An example she gives is lobster. Even in the 19th century, when Mainers could allegedly walk out onto rocks and pick lobsters up from the shallow water, lobster was being shipped to Boston and eaten by the wealthy. In an aside, she said that lobster wasn’t served “rough” (in the shell) until “rusticators” (summer people) began eating them.
So, while lobster was a luxury in Boston, in Maine, if a child took a lobster sandwich to school for lunch, the implication was that his family couldn’t afford bologna, which was store bought.
Clams, too, suffer the same fate—a family wouldn’t happily admit to having clams for dinner, because they are subsistence food, even though they are a delicacy for people who don’t dig them.
Another hard-times food, chowder, was first made from real fish scraps, beginning with the pieces of cod that didn’t get salted down. When Oliver asked how many in the audience had eaten (cod) tongue and cheeks, a few hands went up. It’s not clear how many people were about to find some tongues and cheeks to cook up, despite Oliver’s enthusiasm about the taste. Now you can buy chowder scraps at a fish store, but there are recipes that start with filets of white fish.
The other key ingredient in chowder, besides the potatoes, is salt pork, a traditional Maine hard-times food. Salt pork figures in baked beans, as well. While she was talking about baked beans, Oliver dismissed the notion that Native Americans had taught settlers how to make baked beans, using bear fat and maple syrup. And, she added, if anyone heard that to disregard that immediately because it was NOT TRUE. For one thing, bear fat was prized enough to be “almost sacred,” and for another, “we came to this country knowing how to make baked beans.”
There are stories, Oliver said, of families where baked beans was a staple, a pot always on the supper table, except when company dropped in, when it would be whisked away.

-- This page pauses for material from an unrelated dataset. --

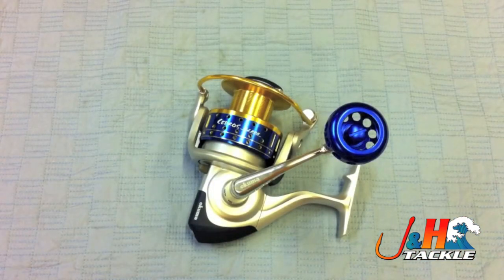Hey, it's Josh over at J&H. I've got the Okuma Sedro spinning reel in front of me. This is the 80 size, the CJ80S.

A lot of energy has always gone into preserving food, from salting fish to making pickles, and Oliver talked about two foods many in the room were unfamiliar with.
The first is slack-salt fish, fish which is not as salted as salt cod. The drying process is completed in open air, and people would eat it as it dried, tearing off strips like jerky, and indeed, one woman talked about tearing off a strip every time she walked by the clothesline, where the fish was drying.
Another unfamiliar food is muddy water or Riley water pickles. The pickles, cured only with vinegar, mustard, sugar and salt are strong enough that Oliver says, “when you take them out, they will cut through the fog between your ears.”
Oliver moved on to wiggles, smothers, French Canadian food, fiddleheads, and one which everyone had to know about: swaggon, with a long A, like the A in bacon. Swaggon is beans simmered on the stove until they are very soft, when milk is added. It’s a bean porridge.